| Activity |
For this listing, reproduce the line with "Image of Bluetooth", the line with "Plus size Beach", and the lines between, exactly as they stand. Leave out pictures and all other lines.

| Material to process |

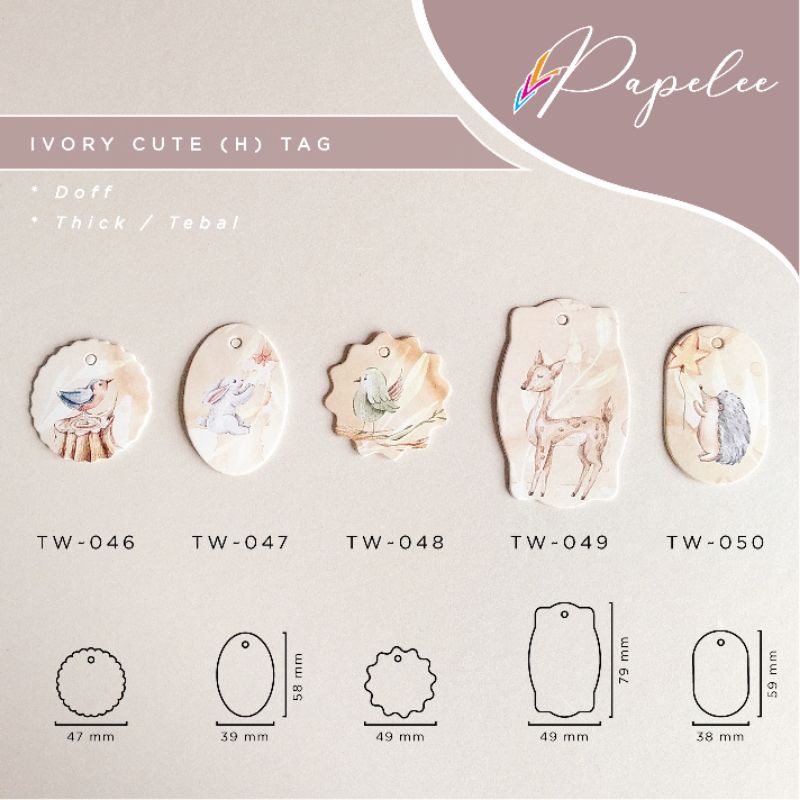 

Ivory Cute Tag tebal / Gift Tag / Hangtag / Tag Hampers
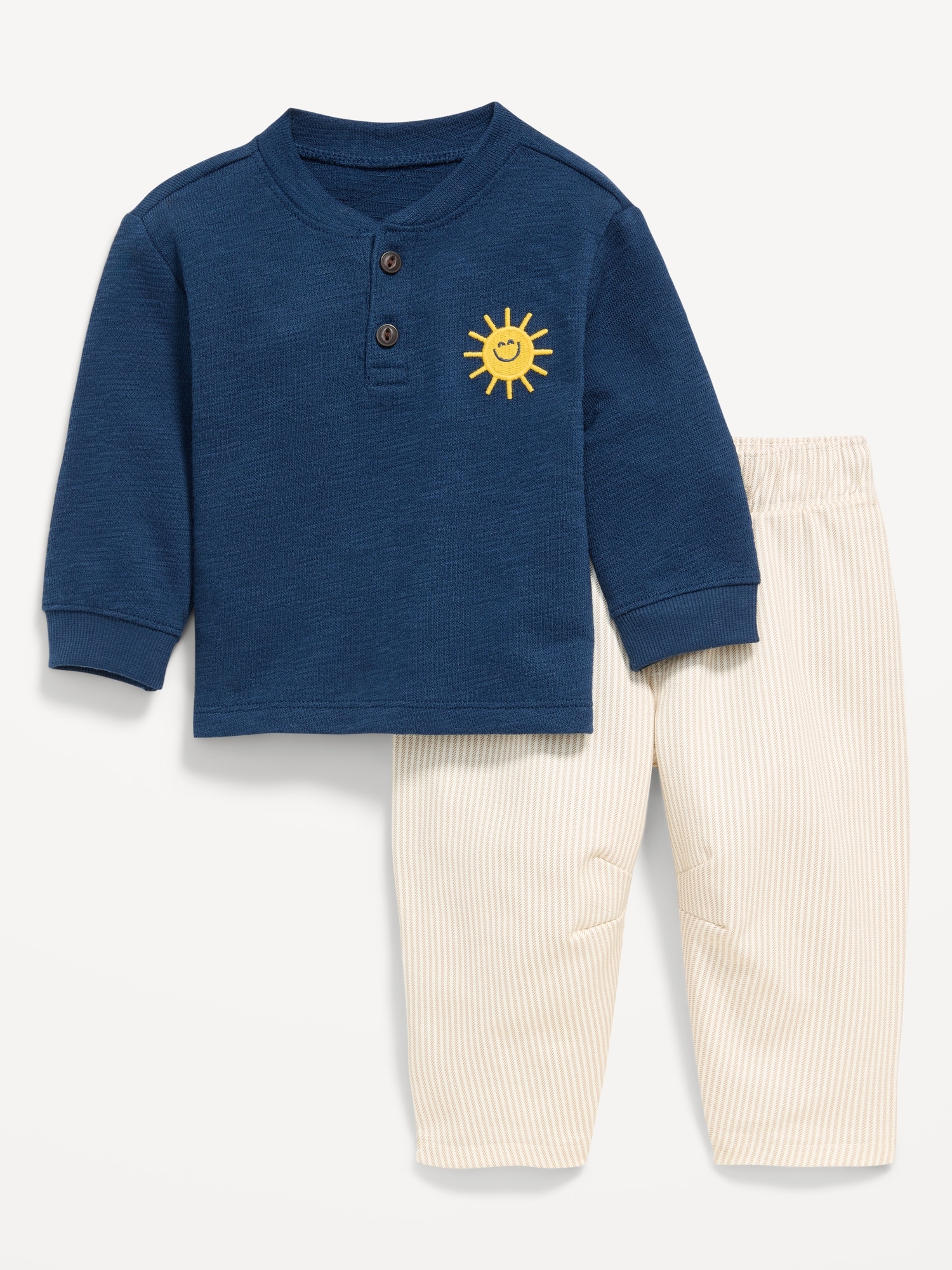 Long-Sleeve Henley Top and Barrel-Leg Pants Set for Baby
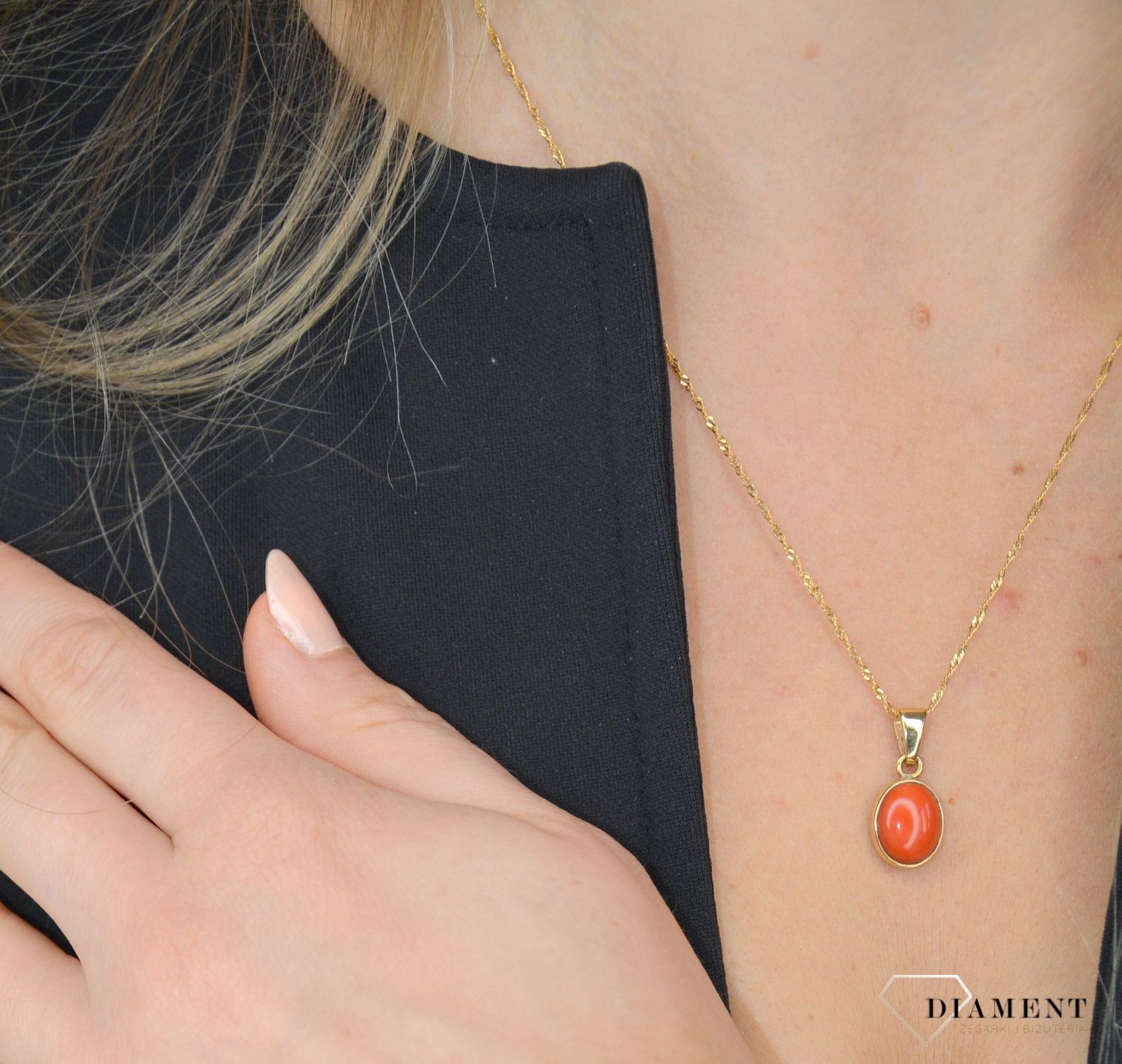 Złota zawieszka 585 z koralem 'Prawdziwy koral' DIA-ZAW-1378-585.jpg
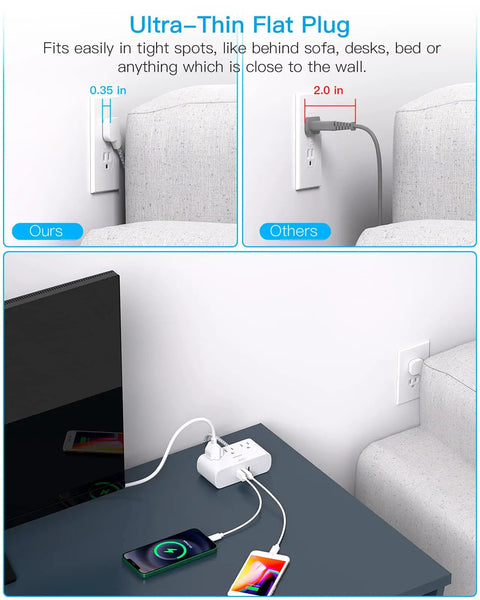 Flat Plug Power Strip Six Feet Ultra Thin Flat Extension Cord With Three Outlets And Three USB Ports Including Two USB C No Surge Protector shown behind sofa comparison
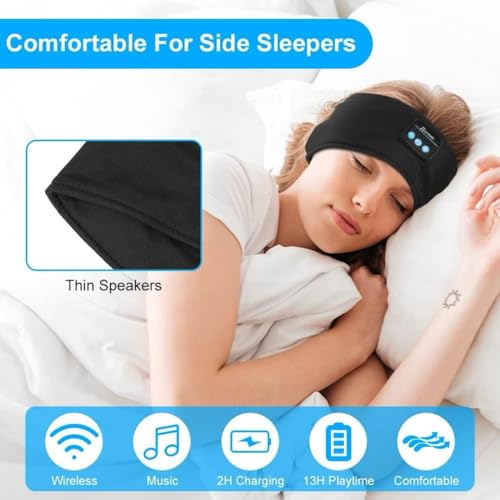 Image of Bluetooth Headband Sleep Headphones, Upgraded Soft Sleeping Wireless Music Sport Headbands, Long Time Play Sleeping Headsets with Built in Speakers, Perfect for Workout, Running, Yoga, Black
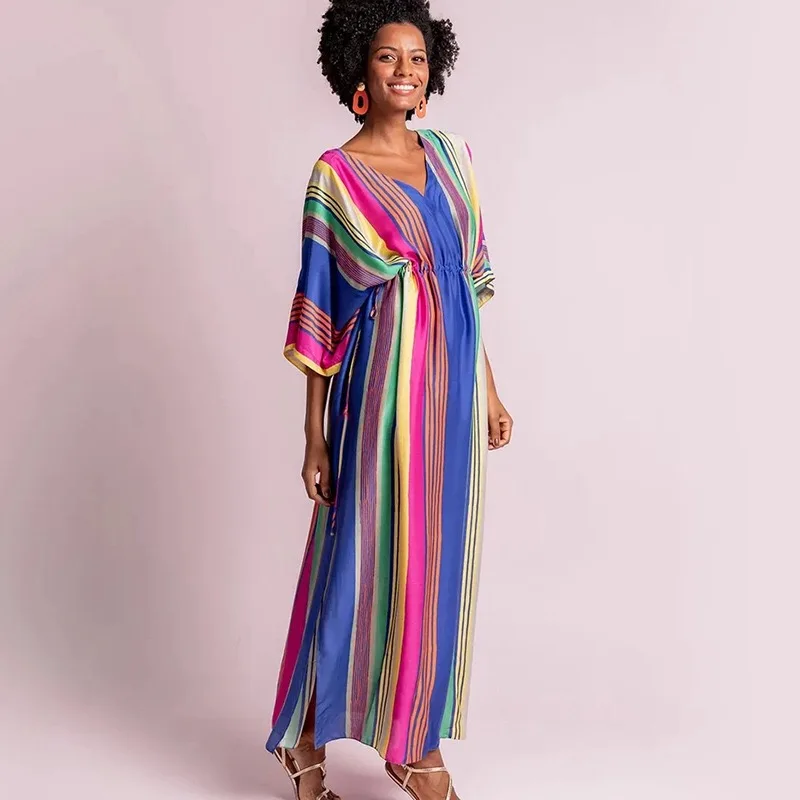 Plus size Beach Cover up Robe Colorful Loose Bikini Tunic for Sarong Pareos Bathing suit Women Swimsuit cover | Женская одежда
==
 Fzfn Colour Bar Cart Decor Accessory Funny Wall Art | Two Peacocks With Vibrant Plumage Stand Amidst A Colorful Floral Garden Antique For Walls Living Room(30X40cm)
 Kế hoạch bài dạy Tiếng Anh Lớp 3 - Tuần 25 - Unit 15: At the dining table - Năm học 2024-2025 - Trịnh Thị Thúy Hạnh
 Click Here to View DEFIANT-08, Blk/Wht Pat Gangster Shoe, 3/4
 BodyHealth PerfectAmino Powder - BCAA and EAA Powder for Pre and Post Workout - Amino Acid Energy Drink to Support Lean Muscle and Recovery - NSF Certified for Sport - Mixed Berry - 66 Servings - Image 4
==
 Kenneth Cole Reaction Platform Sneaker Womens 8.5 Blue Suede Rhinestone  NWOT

| Result of the exercise |
 Image of Bluetooth Headband Sleep Headphones, Upgraded Soft Sleeping Wireless Music Sport Headbands, Long Time Play Sleeping Headsets with Built in Speakers, Perfect for Workout, Running, Yoga, Black
 Plus size Beach Cover up Robe Colorful Loose Bikini Tunic for Sarong Pareos Bathing suit Women Swimsuit cover | Женская одежда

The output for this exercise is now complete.